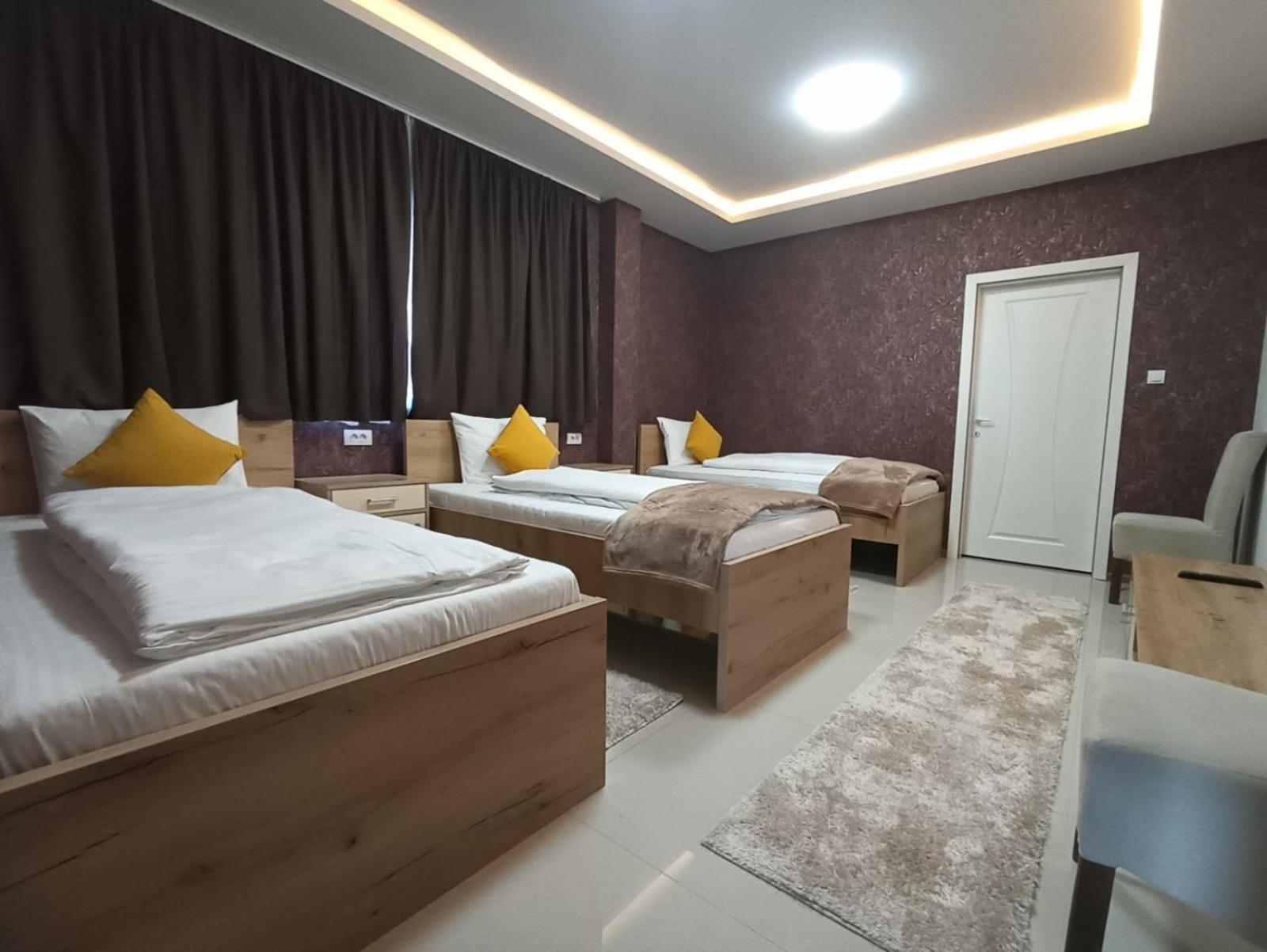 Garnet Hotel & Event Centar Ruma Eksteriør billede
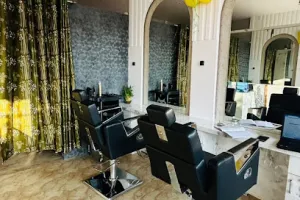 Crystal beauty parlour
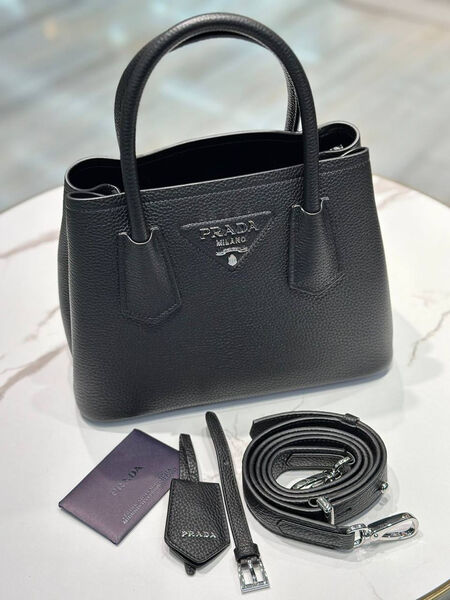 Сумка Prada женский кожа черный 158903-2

━━━━━━━━━━━━━━━━━━━━━━━━━━━━━━

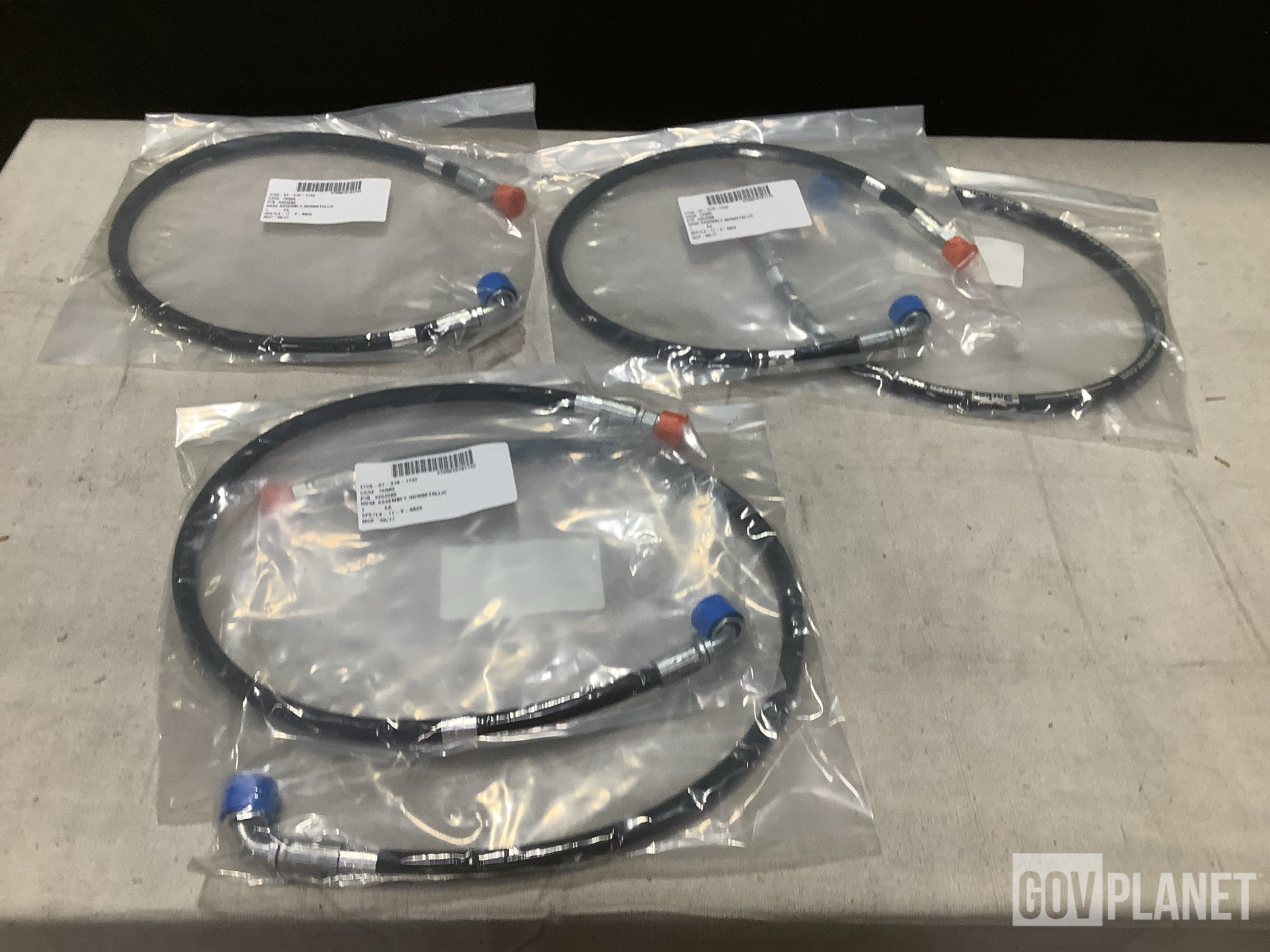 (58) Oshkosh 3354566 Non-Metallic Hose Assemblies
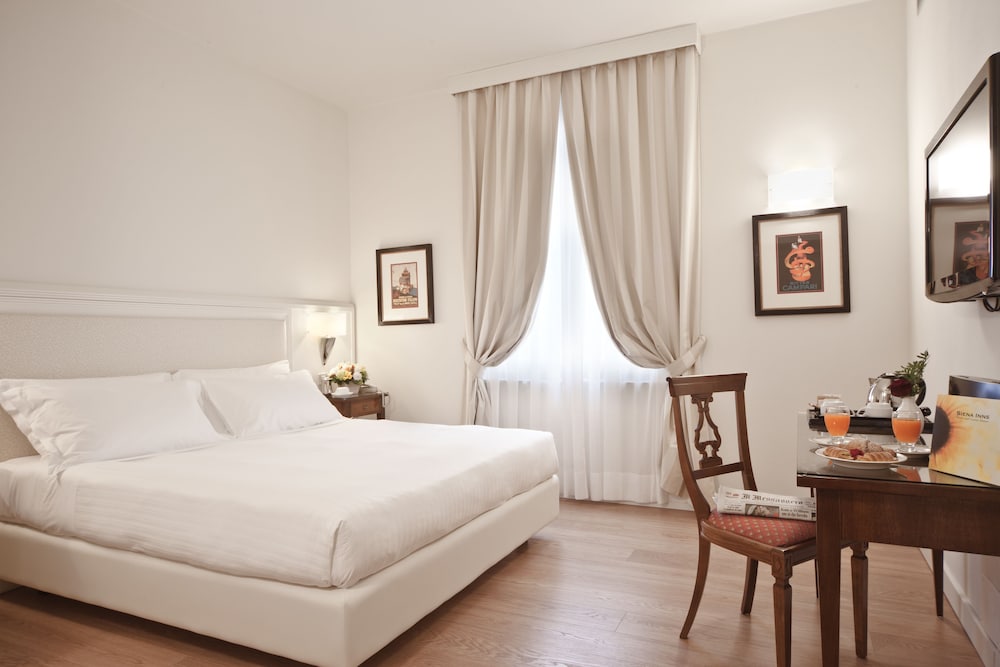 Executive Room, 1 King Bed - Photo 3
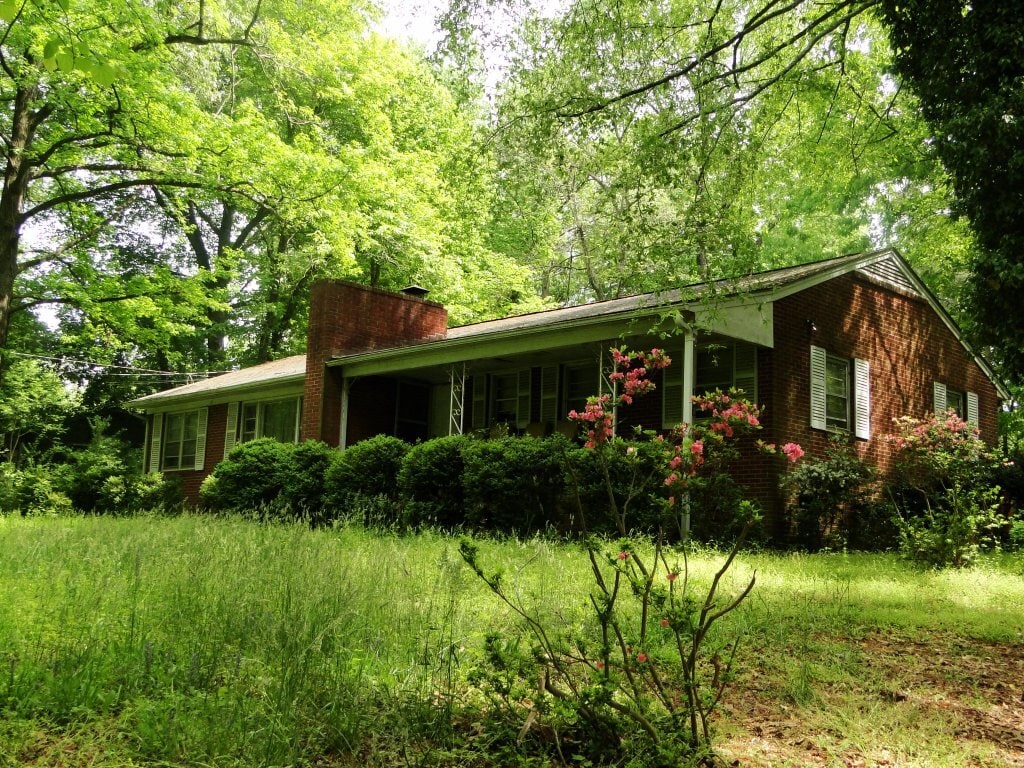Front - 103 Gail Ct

━━━━━━━━━━━━━━━━━━━━━━━━━━━━━━

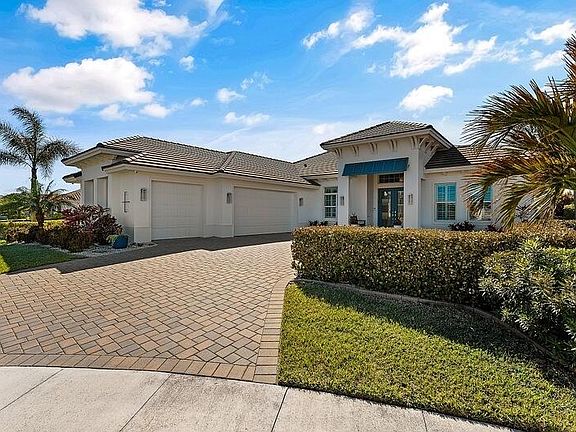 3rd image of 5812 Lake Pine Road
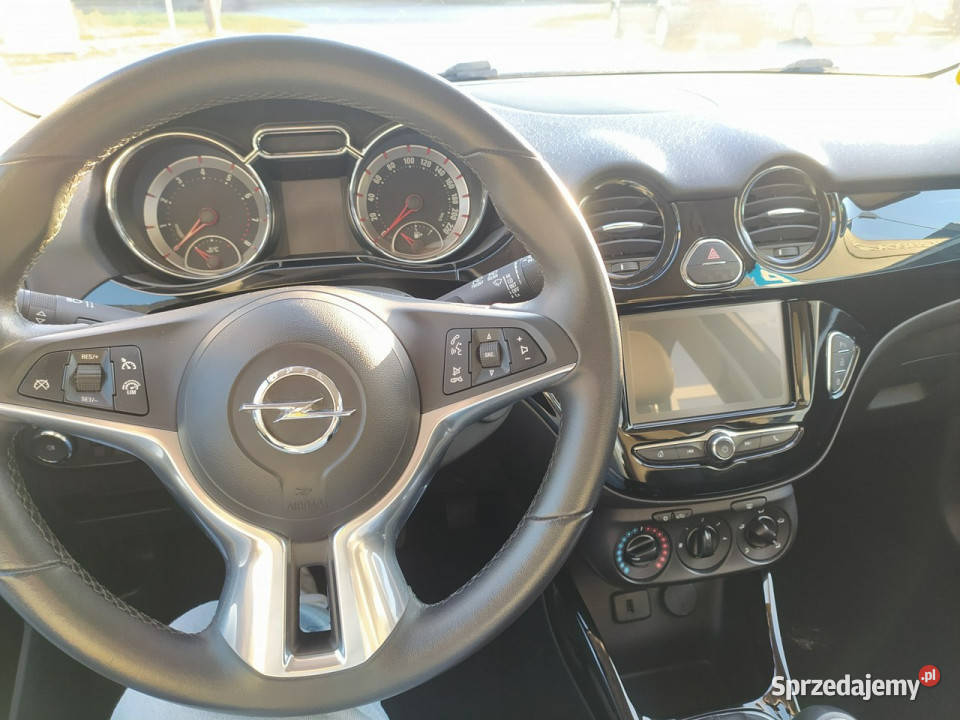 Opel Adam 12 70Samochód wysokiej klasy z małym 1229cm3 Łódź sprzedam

━━━━━━━━━━━━━━━━━━━━━━━━━━━━━━

• EXERCISE REQUIREMENTS
Starting at the line above that holds "Garnet Hotel &", return each line up to and including the one that holds "Сумка Prada женский кожа черный 158903-2", exactly as written, minus any pictures.

• COMPLETED EXERCISE
 Garnet Hotel & Event Centar Ruma Eksteriør billede
 Crystal beauty parlour
 Сумка Prada женский кожа черный 158903-2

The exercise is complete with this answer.